Verra Mobility is a global leader in smart mobility, serving the world's largest commercial fleets and rental car companies in managing tolling transactions and violations for more than 8.5 million vehicles and operating more than 4,000 red-light, speed, and school bus stop arm safety cameras. Verra Mobility maintains its leadership position in the marketplace through meaningful scale and has demonstrated consistent revenue growth underscored by its differentiated transaction processing model.
“This is an exciting day for Verra Mobility,” said David Roberts, CEO of Verra Mobility. “As our company grows we look forward to finding new and exciting ways to meet the needs of our customers. We are just scratching the surface of making transportation safer, smarter and more connected.”
Jacob Kotzubei, Partner at Platinum Equity, said, “We are proud of Verra Mobility’s rapid transformation, which is a credit to the company’s leadership team, the hard work of its employees and the value of Platinum’s M&A&O approach. We combined operational discipline with organic and acquisitive growth strategies to create a new global business that is well-positioned for continued success.”
Mark Stone, CEO of Gores Holdings II, said, “As a public market story, Verra Mobility is our ideal partner given its leading market position, strong financial profile, proven management team and compelling growth opportunities. We are excited to be part of this next chapter and look forward to partnering with Verra Mobility’s team to drive future stockholder value.”

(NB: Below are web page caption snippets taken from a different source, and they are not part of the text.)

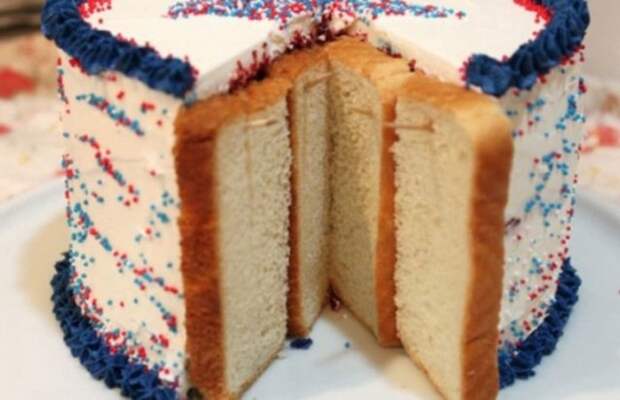 Хлеб защитит ваш вкусный тортик. /Фото: img1.goodhouse.ru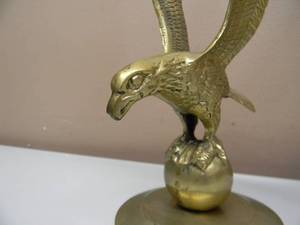 lot 15 image: RARE VINTAGE U.S. MILITARY EAGLE STATUE - BRASS - GREAT PIECE - APPROX 12 By 6 - SEE PICTURES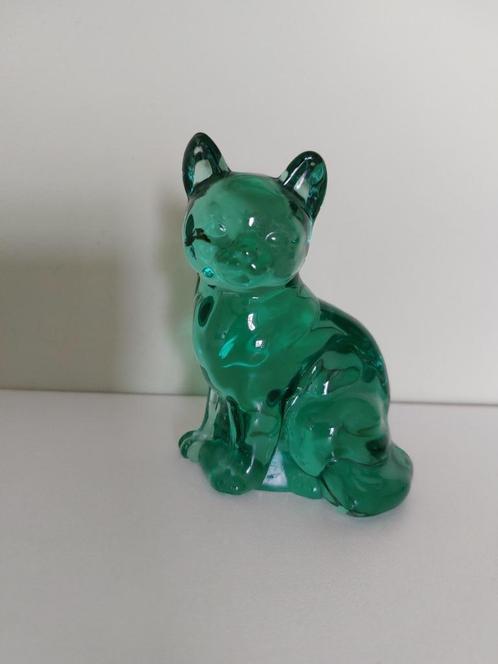 Chat vintage en verre vert Fenton de +- 9 cm de haut, Collections, Statues & Figurines, Comme neuf, Animal, Enlèvement ou Envoi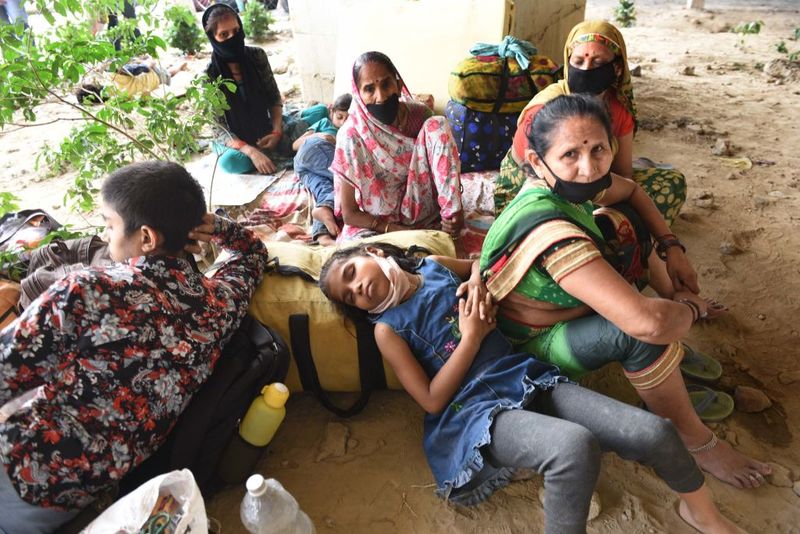देश में लॉकडाउन जारी होने के बाद से ही मजदूरों की हालत खराब हो गई है। 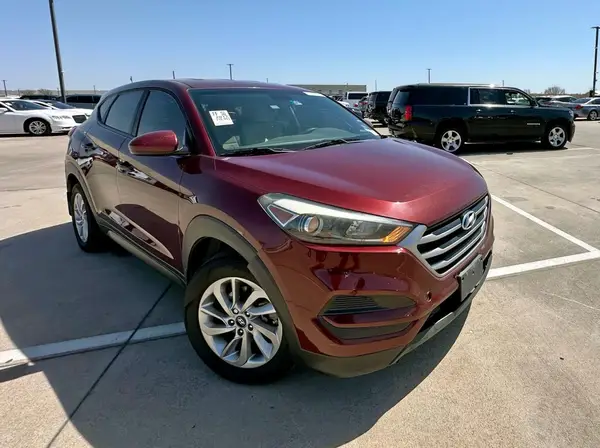 KM8J23A47HU575472 2017 HYUNDAI TUCSON - Image 1
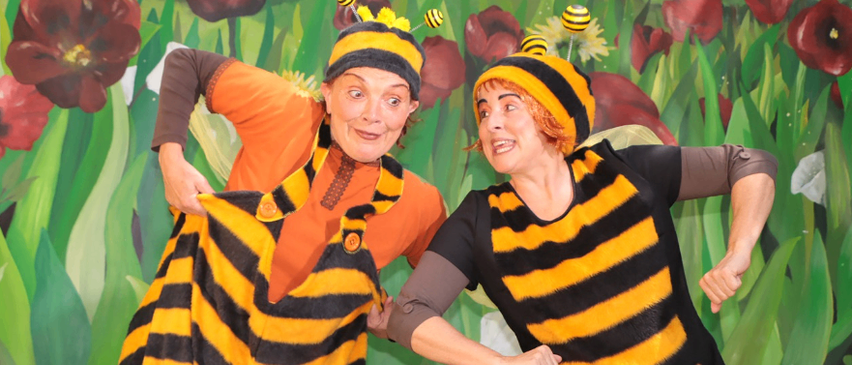 Bild enthält, Adult, Female, Person, Woman, Face, Photography, Portrait, Flower, Hat, Rose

Until recently, Verra Mobility was known as American Traffic Solutions, and was rebranded following the acquisitions of Highway Toll Administration and Euro Parking Collection, transactions that helped transform the business into a global enterprise with a broad range of transportation technology solutions. Verra Mobility is headquartered in Mesa, Arizona and currently operates in 15 countries.
As of the closing of the acquisition, the Verra Mobility Board of Directors consists of Randall Bort, Jacob Kotzubei, Bryan Kelln, Jeffrey Rea, David Roberts, Jay Geldmacher and John Rexford.
Deutsche Bank Securities Inc. acted as lead capital markets advisor, lead private placement agent, and financial advisor to Gores Holdings II. Goldman, Sachs & Co acted as joint capital markets advisor and joint private placement agent and financial advisor and Moelis & Company and Credit Suisse LLC acted as financial advisors to Gores Holdings II. Weil, Gotshal & Manges LLP acted as legal advisor to Gores Holdings II. Gibson, Dunn & Crutcher LLP acted as legal advisor to Platinum Equity and Verra Mobility.
About Verra Mobility Corporation
Verra Mobility is committed to developing and using the latest in technology and data intelligence to help make transportation safer and easier. As a global company, Verra Mobility sits at the center of the mobility ecosystem – one that brings together vehicles, devices, information, and people to solve the most complex challenges faced by our customers and the constituencies they serve.
Verra Mobility serves the world's largest commercial fleets and rental car companies to manage tolling transactions and violations for millions of vehicles. A leading provider of connected systems, Verra Mobility processes millions of transactions each year through connectivity with more than 50 individual tolling authorities and more than 400 issuing authorities. Verra Mobility also fosters the development of safe cities, partnering with law enforcement agencies, transportation departments and school districts across North America operating thousands of red-light, speed, bus lane and school bus stop arm safety cameras.
Arizona-based Verra Mobility currently operates in 15 countries. For more information, visit www.VerraMobility.com.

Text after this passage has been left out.